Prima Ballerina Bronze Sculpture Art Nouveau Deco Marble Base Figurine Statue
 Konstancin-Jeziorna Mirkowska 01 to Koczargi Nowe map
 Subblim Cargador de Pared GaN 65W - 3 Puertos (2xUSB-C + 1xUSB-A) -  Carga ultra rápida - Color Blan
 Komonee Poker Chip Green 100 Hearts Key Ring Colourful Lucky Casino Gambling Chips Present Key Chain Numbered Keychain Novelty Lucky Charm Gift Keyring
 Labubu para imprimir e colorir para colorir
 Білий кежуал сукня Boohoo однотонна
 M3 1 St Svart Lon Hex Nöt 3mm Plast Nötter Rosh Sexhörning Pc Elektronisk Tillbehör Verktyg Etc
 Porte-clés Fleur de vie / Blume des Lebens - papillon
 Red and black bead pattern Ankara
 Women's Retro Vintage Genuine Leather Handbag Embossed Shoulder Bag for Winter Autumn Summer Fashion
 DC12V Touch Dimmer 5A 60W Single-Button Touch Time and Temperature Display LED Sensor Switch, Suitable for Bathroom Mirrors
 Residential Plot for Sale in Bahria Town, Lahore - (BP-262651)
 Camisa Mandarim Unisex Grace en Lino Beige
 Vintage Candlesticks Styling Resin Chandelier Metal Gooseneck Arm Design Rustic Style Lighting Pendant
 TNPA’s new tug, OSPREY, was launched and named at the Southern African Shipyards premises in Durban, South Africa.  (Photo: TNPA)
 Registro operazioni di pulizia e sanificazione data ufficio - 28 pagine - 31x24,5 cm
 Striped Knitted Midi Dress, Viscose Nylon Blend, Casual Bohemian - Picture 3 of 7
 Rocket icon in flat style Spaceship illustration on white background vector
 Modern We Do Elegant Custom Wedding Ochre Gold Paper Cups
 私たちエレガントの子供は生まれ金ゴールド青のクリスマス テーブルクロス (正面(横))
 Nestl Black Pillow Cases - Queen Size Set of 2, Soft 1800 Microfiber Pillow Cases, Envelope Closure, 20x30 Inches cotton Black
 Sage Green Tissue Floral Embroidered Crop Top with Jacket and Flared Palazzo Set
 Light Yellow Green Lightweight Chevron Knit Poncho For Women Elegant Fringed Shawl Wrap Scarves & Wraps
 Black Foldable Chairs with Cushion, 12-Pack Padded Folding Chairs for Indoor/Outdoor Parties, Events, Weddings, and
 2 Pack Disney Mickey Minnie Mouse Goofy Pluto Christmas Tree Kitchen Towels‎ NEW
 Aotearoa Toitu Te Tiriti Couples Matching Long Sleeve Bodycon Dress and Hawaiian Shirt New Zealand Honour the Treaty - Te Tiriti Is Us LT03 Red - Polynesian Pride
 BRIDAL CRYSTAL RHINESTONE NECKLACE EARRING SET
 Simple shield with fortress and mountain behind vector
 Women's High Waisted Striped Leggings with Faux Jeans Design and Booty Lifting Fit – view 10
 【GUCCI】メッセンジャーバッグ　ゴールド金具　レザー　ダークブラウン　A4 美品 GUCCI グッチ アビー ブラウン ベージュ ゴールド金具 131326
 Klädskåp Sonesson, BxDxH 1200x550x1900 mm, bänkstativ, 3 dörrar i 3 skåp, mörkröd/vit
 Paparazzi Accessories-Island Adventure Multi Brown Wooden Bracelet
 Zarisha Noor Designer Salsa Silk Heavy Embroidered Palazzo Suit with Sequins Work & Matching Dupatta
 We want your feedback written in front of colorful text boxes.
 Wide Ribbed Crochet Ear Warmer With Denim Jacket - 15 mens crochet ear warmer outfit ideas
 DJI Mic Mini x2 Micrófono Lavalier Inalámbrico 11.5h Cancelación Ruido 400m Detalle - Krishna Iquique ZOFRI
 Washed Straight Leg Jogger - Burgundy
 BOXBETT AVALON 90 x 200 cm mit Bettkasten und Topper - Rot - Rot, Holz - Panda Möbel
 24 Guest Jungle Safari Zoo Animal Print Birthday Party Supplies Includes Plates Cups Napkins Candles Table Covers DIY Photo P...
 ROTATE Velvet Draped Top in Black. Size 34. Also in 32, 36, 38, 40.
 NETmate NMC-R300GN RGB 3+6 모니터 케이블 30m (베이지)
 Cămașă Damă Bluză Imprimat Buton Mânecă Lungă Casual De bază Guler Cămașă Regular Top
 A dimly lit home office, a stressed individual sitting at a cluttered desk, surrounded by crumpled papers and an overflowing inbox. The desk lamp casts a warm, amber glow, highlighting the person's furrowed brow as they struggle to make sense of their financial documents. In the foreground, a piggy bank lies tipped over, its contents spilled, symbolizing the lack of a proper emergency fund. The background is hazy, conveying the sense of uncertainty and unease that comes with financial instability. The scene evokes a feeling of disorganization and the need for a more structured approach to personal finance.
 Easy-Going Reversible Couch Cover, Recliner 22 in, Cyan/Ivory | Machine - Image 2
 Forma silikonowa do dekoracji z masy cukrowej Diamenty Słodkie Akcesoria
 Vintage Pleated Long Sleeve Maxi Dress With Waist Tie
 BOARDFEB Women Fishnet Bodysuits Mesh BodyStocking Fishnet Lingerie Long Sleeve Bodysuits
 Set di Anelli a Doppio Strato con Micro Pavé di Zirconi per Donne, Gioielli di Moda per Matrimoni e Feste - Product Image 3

• • • • •

--- PROBLEM DETAILS ---
Exact duplication is required for the lines above, from the line that contains "A dimly lit" to the line that contains "Easy-Going Reversible Couch", inclusive; omit all others.

--- ANSWER SECTION ---
 A dimly lit home office, a stressed individual sitting at a cluttered desk, surrounded by crumpled papers and an overflowing inbox. The desk lamp casts a warm, amber glow, highlighting the person's furrowed brow as they struggle to make sense of their financial documents. In the foreground, a piggy bank lies tipped over, its contents spilled, symbolizing the lack of a proper emergency fund. The background is hazy, conveying the sense of uncertainty and unease that comes with financial instability. The scene evokes a feeling of disorganization and the need for a more structured approach to personal finance.
 Easy-Going Reversible Couch Cover, Recliner 22 in, Cyan/Ivory | Machine - Image 2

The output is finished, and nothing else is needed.